With any Outer Rim or Wilderness Years period, there's always the mixed blessing of a franchise getting restarted - mixed because, while fans finally get to see media come back to its original form with resources and availability far beyond that of even the most ambitious tie-in project, but those  projects (if they even continue) now have to co-exist with the "real thing," which sets a standard for tone and narrative. Sometimes they'll get to continue doing their own thing (as with Big Finish's series of Doctor Who audio dramas), but generally they become something more akin to marketing material, promoting the franchise's return to screens. Such was the case with Star Wars - while there was some freedom in the games that came out during the Special Edition rereleases, even these tended to part of larger marketing pushes: Star Wars: Shadows of the Empire (1996), for instance, was just one part of a larger multimedia campaign whose main goal was to build up hype for the special editions. The release of The Phantom Menace in 1989, the game landscape was completely subsumed, with every new narrative game either retelling the film plot or structuring the story around the events of the film, as with Star Wars: Starfighter (2001). That game's sequel, Star Wars: Jedi Starfighter (2002) was even promoted as a "sneak peak" of the upcoming Attack of the Clones. While the prequels were coming out, each year saw scores of new games in their service, many obvious cash grabs. Even in their better moments, Star Wars games had been pulled from the Outer Rim back to the Core Worlds. The deluge died off following the release of Revenge of the Sith in 2005, with Star Wars burnout again setting in and games taking the form of the ongoing LEGO series or the MMORPG Star Wars Galaxies. It seemed like the era of standalone stories was done.

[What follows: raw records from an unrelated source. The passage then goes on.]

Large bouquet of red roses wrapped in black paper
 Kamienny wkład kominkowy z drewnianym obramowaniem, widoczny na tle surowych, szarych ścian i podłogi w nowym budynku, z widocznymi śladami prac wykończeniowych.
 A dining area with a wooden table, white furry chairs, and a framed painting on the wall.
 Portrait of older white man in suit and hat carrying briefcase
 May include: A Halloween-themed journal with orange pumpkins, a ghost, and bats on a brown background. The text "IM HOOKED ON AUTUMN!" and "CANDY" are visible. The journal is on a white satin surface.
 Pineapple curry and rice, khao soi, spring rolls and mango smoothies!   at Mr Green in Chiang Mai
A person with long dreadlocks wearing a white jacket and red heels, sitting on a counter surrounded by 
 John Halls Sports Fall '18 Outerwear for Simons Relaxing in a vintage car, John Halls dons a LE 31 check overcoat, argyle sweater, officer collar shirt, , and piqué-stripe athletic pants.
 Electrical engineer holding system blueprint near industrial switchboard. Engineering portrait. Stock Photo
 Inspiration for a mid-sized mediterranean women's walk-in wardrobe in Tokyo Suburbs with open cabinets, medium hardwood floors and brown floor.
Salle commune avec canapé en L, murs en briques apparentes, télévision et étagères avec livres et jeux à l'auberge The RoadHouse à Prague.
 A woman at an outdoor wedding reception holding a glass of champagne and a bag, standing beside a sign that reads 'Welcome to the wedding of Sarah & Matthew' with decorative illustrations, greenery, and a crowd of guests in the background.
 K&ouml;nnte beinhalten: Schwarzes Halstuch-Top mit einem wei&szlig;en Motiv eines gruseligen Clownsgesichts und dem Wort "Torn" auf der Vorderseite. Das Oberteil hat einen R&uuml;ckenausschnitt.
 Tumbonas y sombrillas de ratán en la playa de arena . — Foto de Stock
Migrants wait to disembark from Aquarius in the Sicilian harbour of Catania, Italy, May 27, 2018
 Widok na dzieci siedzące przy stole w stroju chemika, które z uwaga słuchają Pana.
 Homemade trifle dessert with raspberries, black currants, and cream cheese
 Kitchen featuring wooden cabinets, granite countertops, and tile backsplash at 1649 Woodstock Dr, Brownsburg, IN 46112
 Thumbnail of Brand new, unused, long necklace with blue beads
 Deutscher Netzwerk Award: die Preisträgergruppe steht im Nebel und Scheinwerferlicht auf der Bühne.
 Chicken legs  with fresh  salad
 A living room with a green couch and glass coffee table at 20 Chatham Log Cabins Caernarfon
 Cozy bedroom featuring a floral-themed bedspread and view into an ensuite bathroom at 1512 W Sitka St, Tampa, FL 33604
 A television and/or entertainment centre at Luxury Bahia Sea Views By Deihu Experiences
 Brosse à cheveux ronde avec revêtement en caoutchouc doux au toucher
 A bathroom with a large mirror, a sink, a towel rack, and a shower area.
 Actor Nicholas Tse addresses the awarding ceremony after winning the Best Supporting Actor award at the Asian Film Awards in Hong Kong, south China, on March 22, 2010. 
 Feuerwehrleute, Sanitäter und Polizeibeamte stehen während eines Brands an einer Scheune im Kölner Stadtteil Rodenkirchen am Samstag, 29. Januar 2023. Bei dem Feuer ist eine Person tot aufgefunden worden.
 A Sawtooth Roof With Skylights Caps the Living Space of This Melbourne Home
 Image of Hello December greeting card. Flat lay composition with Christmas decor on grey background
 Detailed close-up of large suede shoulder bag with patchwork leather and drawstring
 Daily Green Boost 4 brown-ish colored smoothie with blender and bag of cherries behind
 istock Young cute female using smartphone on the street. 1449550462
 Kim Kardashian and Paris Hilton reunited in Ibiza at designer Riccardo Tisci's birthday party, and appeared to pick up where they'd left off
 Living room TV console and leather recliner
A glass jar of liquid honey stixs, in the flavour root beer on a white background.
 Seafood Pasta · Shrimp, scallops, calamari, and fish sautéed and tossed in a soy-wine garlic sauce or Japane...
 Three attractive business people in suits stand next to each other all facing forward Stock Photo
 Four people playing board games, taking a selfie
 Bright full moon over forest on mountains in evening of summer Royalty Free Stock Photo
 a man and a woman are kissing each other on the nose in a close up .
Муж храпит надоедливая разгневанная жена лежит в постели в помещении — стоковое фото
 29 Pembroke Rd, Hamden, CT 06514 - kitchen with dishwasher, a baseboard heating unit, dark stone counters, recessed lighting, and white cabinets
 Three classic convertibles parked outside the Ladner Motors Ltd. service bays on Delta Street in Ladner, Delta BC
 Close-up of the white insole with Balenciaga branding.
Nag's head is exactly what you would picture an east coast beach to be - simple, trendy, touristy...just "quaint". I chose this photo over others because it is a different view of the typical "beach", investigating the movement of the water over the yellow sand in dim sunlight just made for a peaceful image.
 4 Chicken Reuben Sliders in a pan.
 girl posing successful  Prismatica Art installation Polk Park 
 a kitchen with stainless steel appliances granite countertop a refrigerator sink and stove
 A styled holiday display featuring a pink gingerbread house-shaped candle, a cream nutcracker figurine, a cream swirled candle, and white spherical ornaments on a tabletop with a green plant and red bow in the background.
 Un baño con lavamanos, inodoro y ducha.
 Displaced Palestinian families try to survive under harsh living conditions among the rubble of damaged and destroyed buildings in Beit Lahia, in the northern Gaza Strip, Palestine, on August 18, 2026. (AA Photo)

But without the framework of an ongoing media juggernaut, Outer Rim gaming could begin again, and it did spectacularly in the form of Star Wars: The Force Unleashed (2008). This was an Outer Rim game if there ever was one, only possible when the franchise's cinematic years were past. The clean lines (both aesthetic and moral) of the prequel trilogy were gone, leaving a messy, largely character-driven disassembly of everything built up over the previous decade as the game connected the original trilogy with the prequels while commenting on both from the shadows. Intended as a standalone release, naturally there was an unnecessary sequel (having the player take on the role of a literal clone of the first game's protagonist might have been a little on-the-nose), but that didn't undo the statement of the original: Star Wars, finally, was something to play with again.
 
Or so it seemed. Today, we're once again in the midst of a multi-media juggernaut, with new television series, games, and comics coming out at an unprecedented clip. An Outer Rim era may never come again. But that doesn't mean we can't gain something from the experience of playing and discussing them. As Andy alluded to above, it's as much about a relationship with the source material as it is when media comes out. Even if the rules aren't being enforced by Lucasfilm or Marvel or Disney, they can be enforced by us through unthinking adherence to expectations - the expectations they set. This is particularly insidious in the era of remakes and low-effort sequels made for quick turnaround by fewer and fewer companies. Now, more than ever, we need to push the limits of what our favorite stories can do, what our favorite genres are capable of, and the shades of meaning they can carry. In the end, we're all in the Outer Rim... and that's where we make our home.